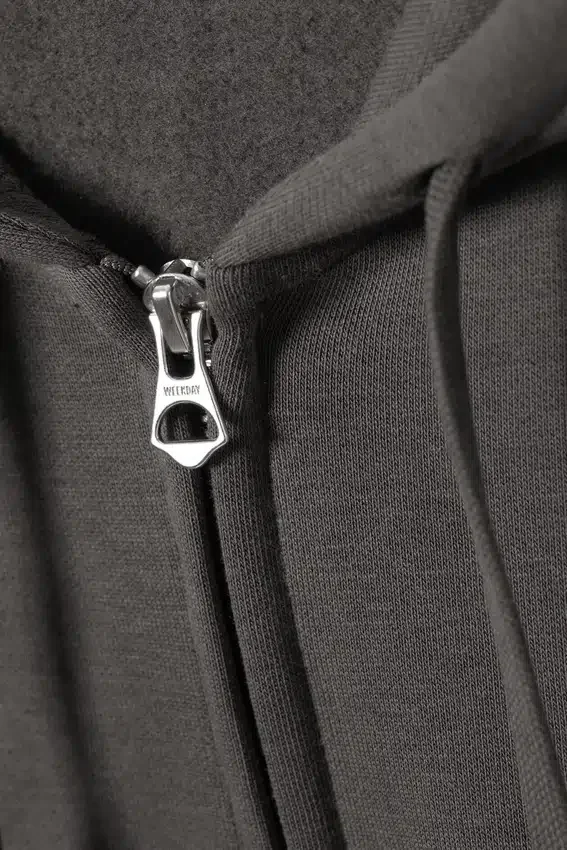 Sudadera con capucha y cremallera de corte recto y peso medio – negro mate Sudadera con capucha y cremallera de corte recto y peso medio – negro mate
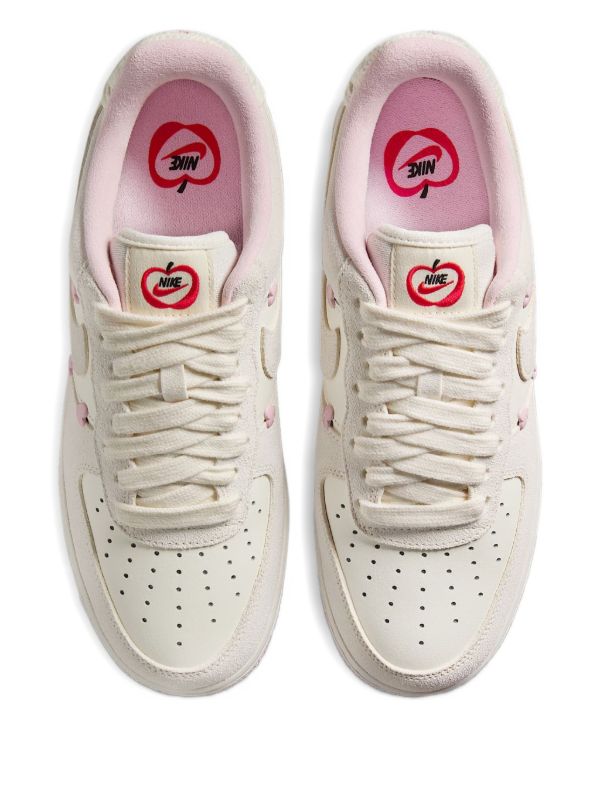 Nike Air Force 1 Low "Valentine's Day" sneakers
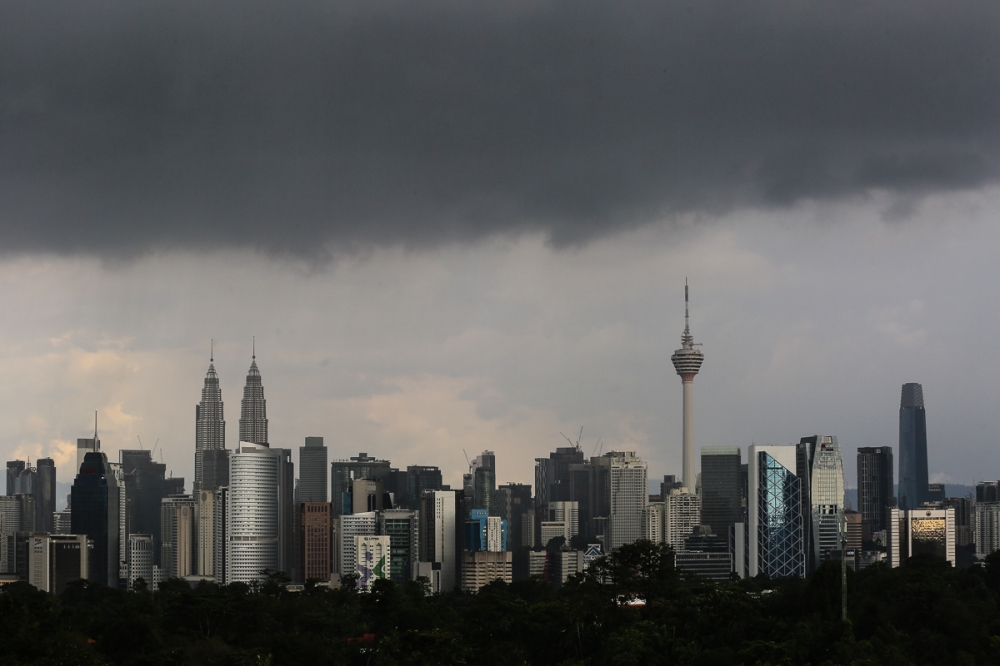 Muhammad Helmi said the department had issued a continuous rain warning for the states from tomorrow until Jan 22. — Picture by Yusof Mat Isa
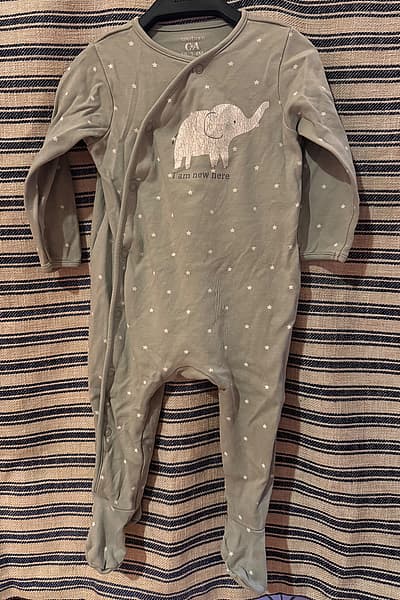 C&A baby star romper by C&A — pre-loved on Thrifted.mt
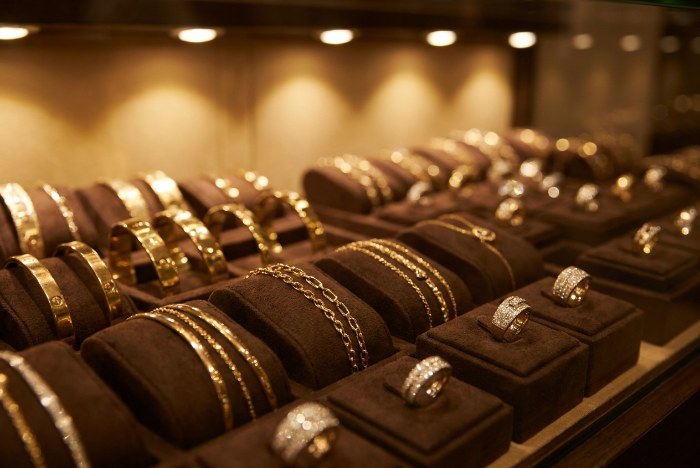 Richemont Jewellery Sales Surge 24% as Watches Trail at 8% 1 Richemont jewellery sales strength shown in a warm gold fine jewellery boutique display case
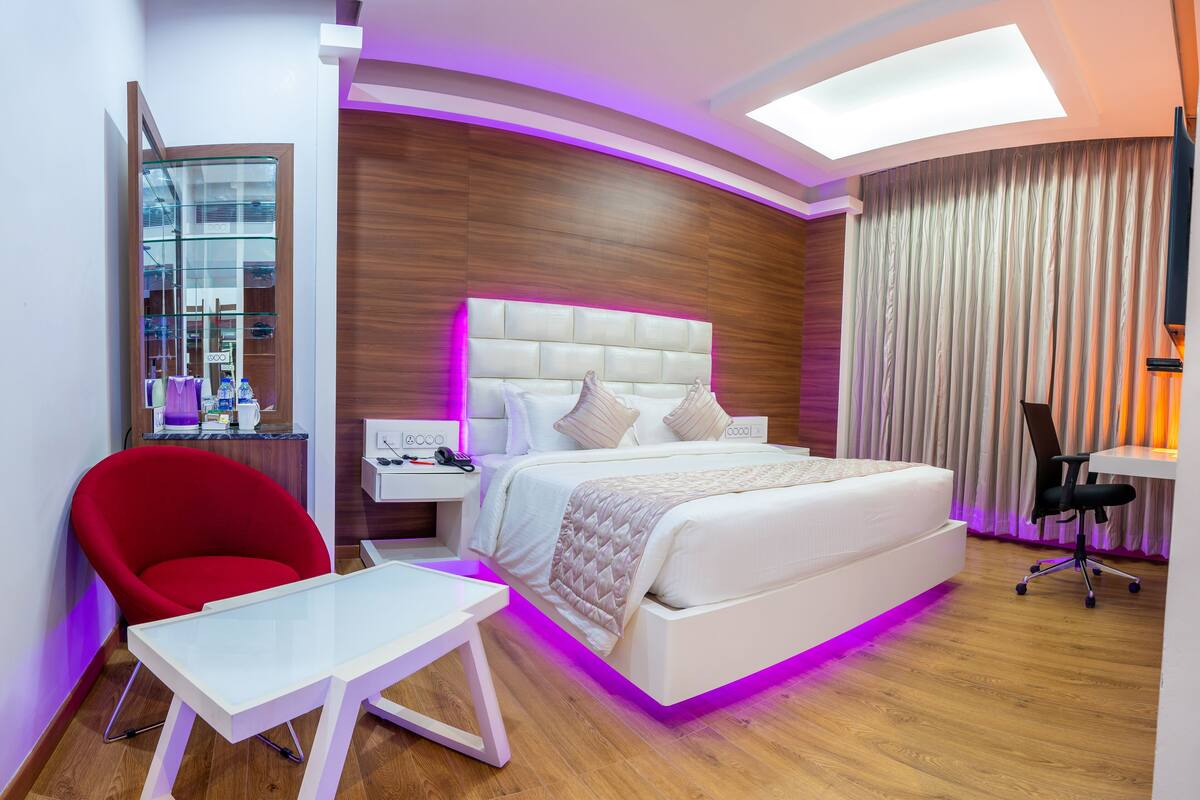 Habitación ejecutiva, 1 habitación | Ropa de cama de alta calidad, camas con efecto memoria y minibar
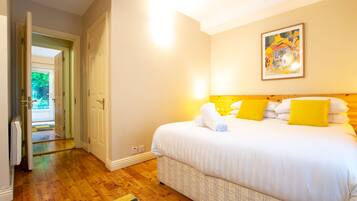 2 bedrooms, travel cot, WiFi, bed sheets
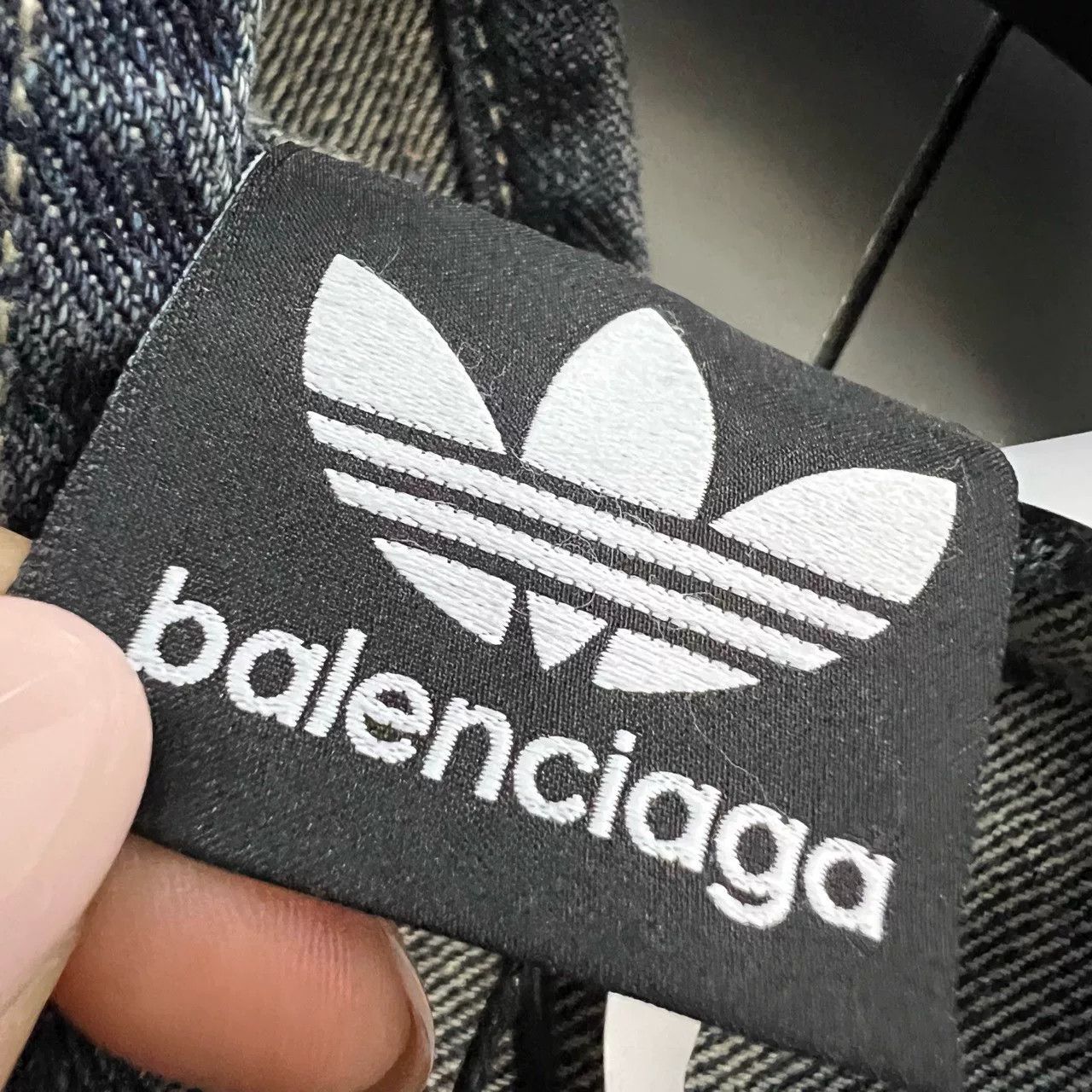 Balenciaga balenciaga x adidas denim hooded jacket Size US M / EU 48-50 / 2 - 4 Thumbnail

########################################

• INSTRUCTIONS TO FOLLOW: Set down again, exactly, the lines from the one with "C&A baby star" to the last line of the data, both included and pictures excluded.

• YOUR SOLUTION:
 C&A baby star romper by C&A — pre-loved on Thrifted.mt
 Richemont Jewellery Sales Surge 24% as Watches Trail at 8% 1 Richemont jewellery sales strength shown in a warm gold fine jewellery boutique display case
 Habitación ejecutiva, 1 habitación | Ropa de cama de alta calidad, camas con efecto memoria y minibar
 2 bedrooms, travel cot, WiFi, bed sheets
 Balenciaga balenciaga x adidas denim hooded jacket Size US M / EU 48-50 / 2 - 4 Thumbnail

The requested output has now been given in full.